2. The method of claim 1, wherein the at least one configured query comprises additional questions that can be posed back to the first user interface.
3. The method of claim 1, wherein receiving the at least one configured query from the at least one second user interface comprises receiving additional questions associated with the user question.
4. The method of claim 1, further comprising:
determining if there is at least one conflicting received configured query, wherein a conflicting received configured query is a query that conflicts with a different received at least one configured query;
providing a first operation configured to be performed based on a determination that there is at least one conflicting received configured query, wherein the first operation comprises:
deciding between the at least one conflicting received configured query and a different received at least one configured query to determine which query to associate with the at least one configured data, thereby creating a decided configured query;
associating the decided configured query and at least one configured dataset to the user question as an execution plan in an execution path memory;
executing the decided configured query on the at least one configured dataset resulting in an answer; and
adding the answer and the user question to the past questions dataset; and
providing a second operation configured to be performed based on a determination that there are no conflicting received configured queries, wherein the second operation comprises:
associating the at least one configured query and at least one configured dataset to the user question as an execution plan in an execution path memory;
executing the at least one configured query on the at least one configured dataset resulting in an answer; and
adding the answer and the user question to the past questions dataset.
5. The method of claim 4, wherein the deciding between the at least one conflicting received configured query includes utilizing frequent path sets.
6. The method of claim 1, wherein associating the at least one configured query and at least one configured dataset to the user question comprises using guided query development, including at least one of machine learning techniques, domain expertise, iterative querying, and combinations thereof.
7. The method of claim 1, wherein generating a dataset suggestion further comprises using data sources with tables including categorical columns, wherein a similarity between categorical columns in the same table or between different tables has been established.
8. The method of claim 7, wherein the similarity between the categorical columns is at least one of, similarity between words, similarity between words and clusters, and combinations thereof, wherein clusters are groups of tables resulting from performing text analytics on the names of the tables to cluster similar table names based on common words or phrases in the table names.
9. A method comprising:
receiving a user question;
determining if the user question has been answered in the past, wherein a question answered in the past is in an answered question database;
providing a first operation configured to be performed based on a determination that the question has been answered in the past, wherein the first operation comprises:
receiving an execution plan from a database, wherein the execution plan associates a query and a dataset to the user question; and
passing the execution plan to a librarian module, wherein upon execution of the librarian module, the librarian module executes the query on the dataset;
providing a second operation configured to be performed based on a determination that the question has not been answered in the past, wherein the second operation comprises:
receiving system hints, wherein the system hints are based on lexical similarity between the user question and datastores;
developing a query for the user question, wherein the query is based on lexical similarity between the user question and the system hints;
associating the query and system hints to the user question as an execution plan;
storing the execution plan;
executing the execution plan; and
adding the answer and the user question to the answered questions database, wherein the answer is the result of executing the execution plan.

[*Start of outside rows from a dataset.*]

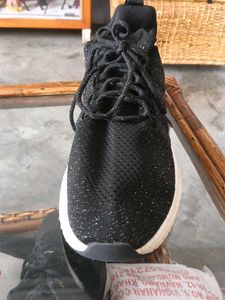 Stylish Black Knit Sneakers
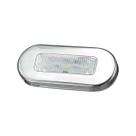 Luz de Cortesia 12V LED Verde em Inox P/ Barcos e Lanchas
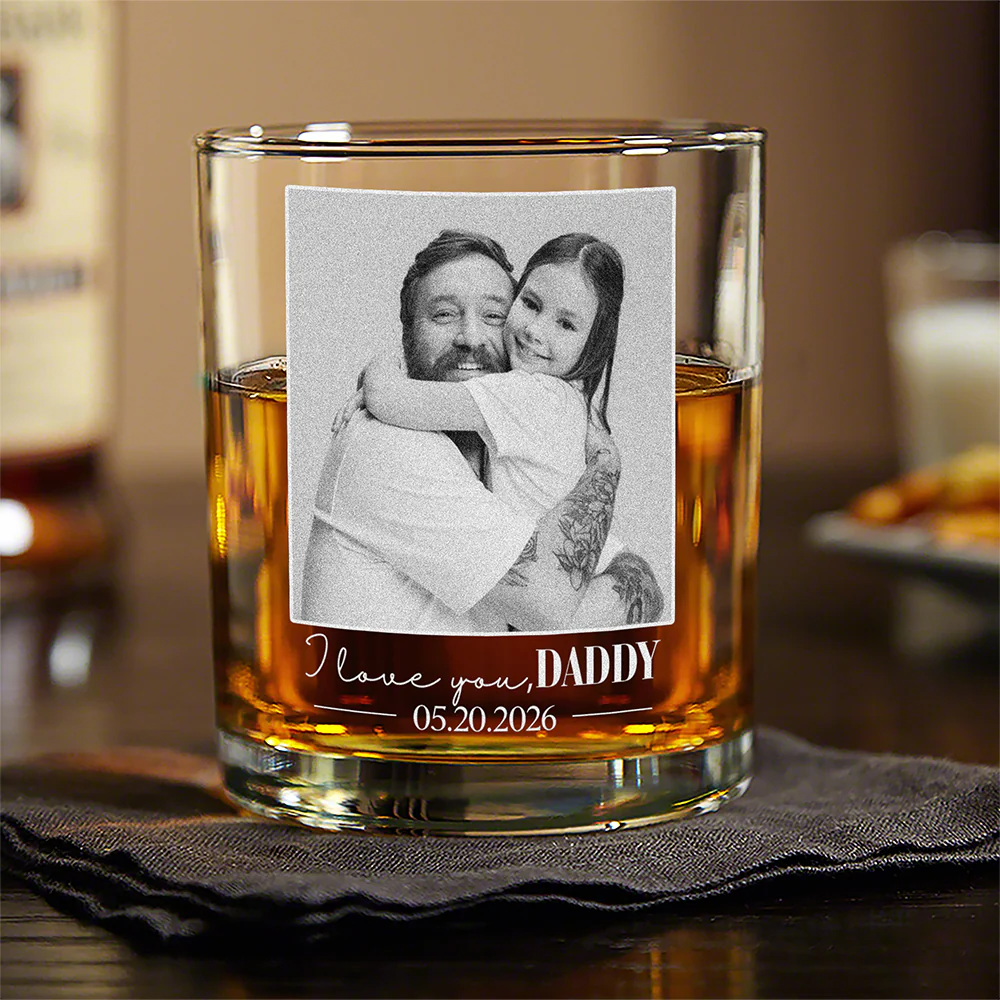 Custom Photo Father Of The Bride, Groom Engraved Rock Glass Gift For Father's Day LM32 668939 - Image 6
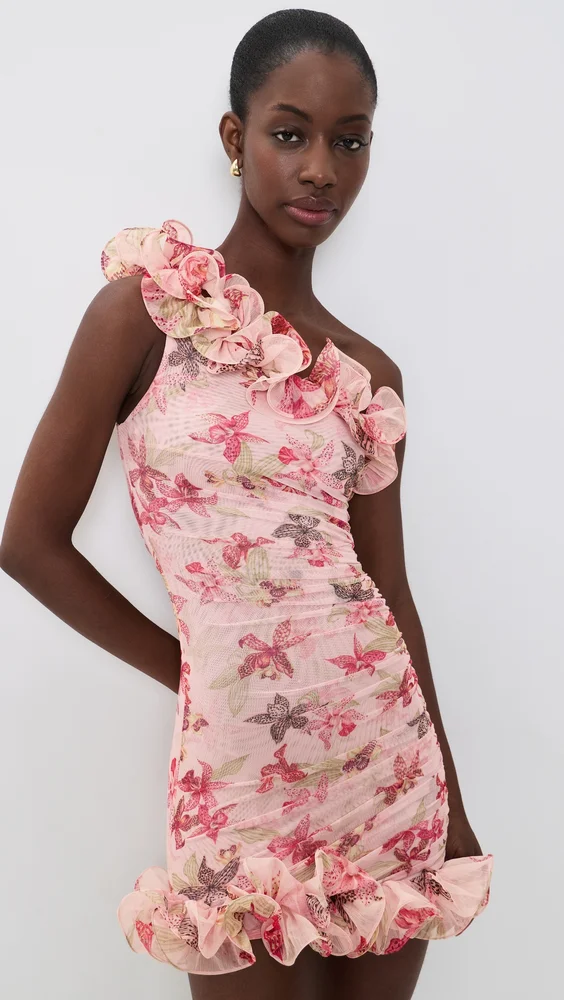 Orchid Bloom Mini Dress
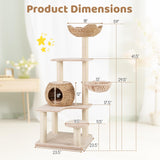 Tangkula  59 Inch Multi-Level Cat Tower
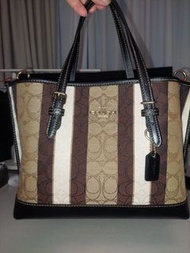 Coach  Mollie Tote 25 in Signature Jacquard  With Stripes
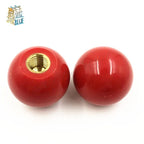 JARBLUE Plastic Ball Knob Clamping Nuts M4–M16 Thread | 2-Pack Clamping Knob Nuts Richie's Red M6x25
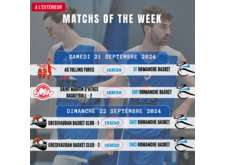 Matchs of the Week - 21-22 Septembre 2024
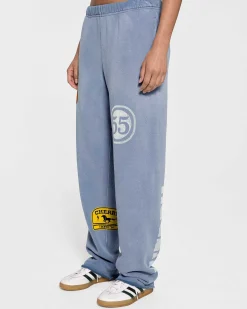 Cherry Sweatpants-Off Road Raw Edge Sweatpants (Dusty Blue)
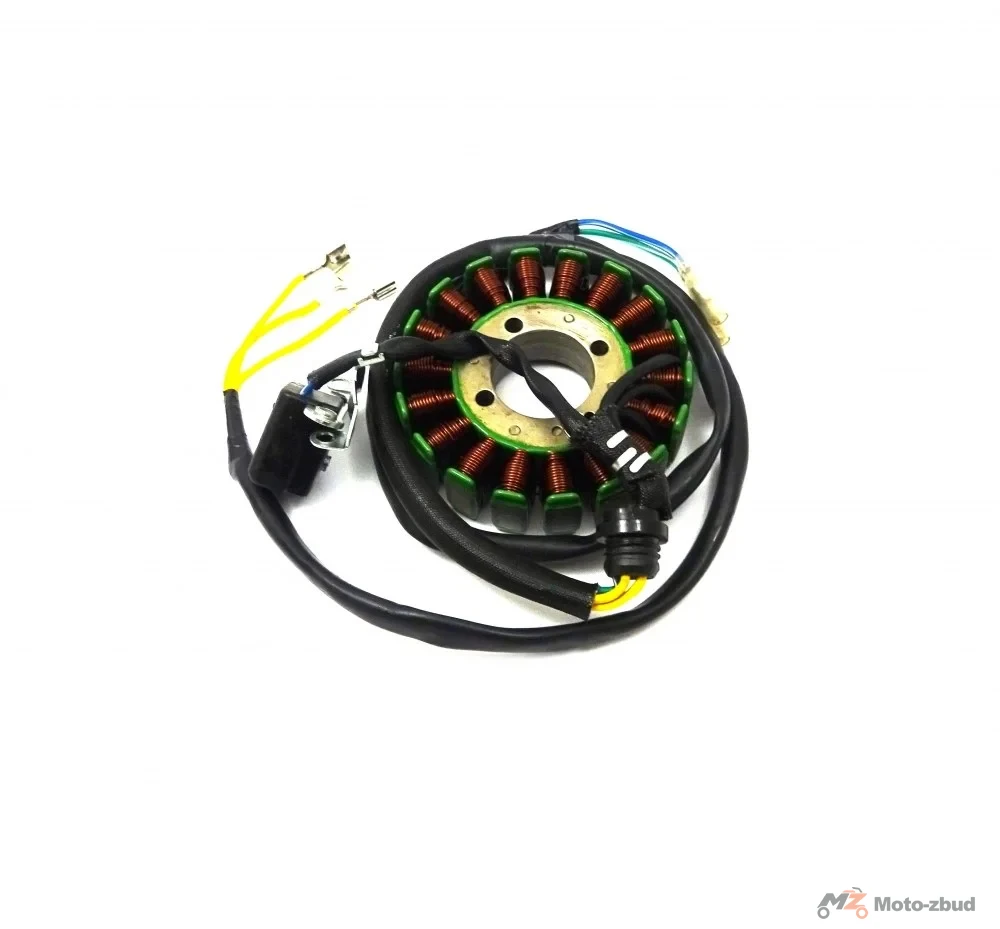 Junak 121FL/RZ125/RACER125/S125 iskrownik (alternator) kpl. (18 cewek) (kostka 3 piny + 2 przewody) "yeson"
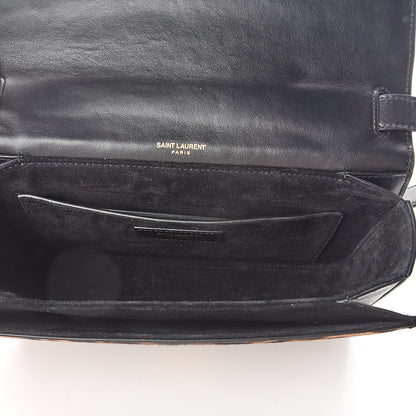 Saint Laurent Pony Hair Leopard Print Medium Bellechasse Brown Black 4 of 7
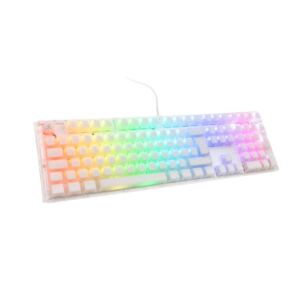 DuckyChannel Ducky One 3 Aura White Gaming Tastatur, RGB LED - MX-Blue - GER-Layout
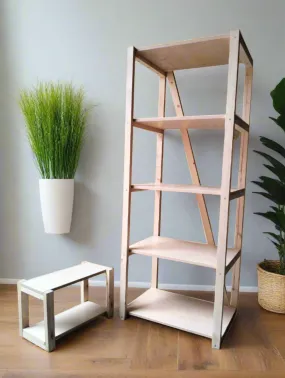 Wooden Kitchen Shelf Floor Standing Multi-Layer Foldable Kitchen Rack Organizer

10. The method of claim 9, wherein receiving system hints further comprises using datastores with tables including categorical columns, wherein a similarity between categorical columns in the same table or between different tables has been established.
11. The method of claim 10, wherein the similarity between the categorical columns is at least one of, similarity between words, similarity between words and clusters, and combinations thereof, wherein clusters are groups of tables resulting from performing text analytics on the names of the tables to cluster similar table names based on common words or phrases in the table names.
12. A computing apparatus, the computing apparatus comprising:
a processor; and
a memory storing instructions that, when executed by the processor, configure the apparatus to:
receive a user question from a first user interface;
generate a query suggestion based on lexical similarity between the user question and past questions, wherein the past questions are in a past questions dataset;
generate a dataset suggestion based on lexical similarity between the user question and a data source;
populate at least one second user interface with the query suggestion and the dataset suggestion;
receive at least one configured query and at least one configured dataset from the at least one second user interface;
associate the at least one configured query and at least one configured dataset to the user question as an execution plan in an execution path memory;
execute the at least one configured query on the at least one configured dataset resulting in an answer; and
add the answer and the user question to the past questions dataset.
13. The computing apparatus of claim 12, wherein the at least one configured query comprises additional questions that can be posed back to the first user interface.
14. The computing apparatus of claim 12, wherein receive the at least one configured query from the at least one second user interface comprises receiving additional questions associated with the user question.
15. The computing apparatus of claim 12, further comprising configure the apparatus to:
determine if there is at least one conflicting received configured query, wherein a conflicting received configured query is a query that conflicts with a different received at least one configured query;
provide a first operation configured to be performed based on a determination that there is at least one conflicting received configured query, wherein the first operation comprises:
deciding between the at least one conflicting received configured query and a different received at least one configured query to determine which query to associate with the at least one configured data, thereby creating a decided configured query;
associating the decided configured query and at least one configured dataset to the user question as an execution plan in an execution path memory;
executing the decided configured query on the at least one configured dataset resulting in an answer; and
adding the answer and the user question to the past questions dataset;
provide a second operation configured to be performed based on a determination that there are no conflicting received configured queries, wherein the second operation comprises:
associating the at least one configured query and at least one configured dataset to the user question as an execution plan in an execution path memory; and
executing the at least one configured query on the at least one configured dataset resulting in an answer; and
adding the answer and the user question to the past questions dataset.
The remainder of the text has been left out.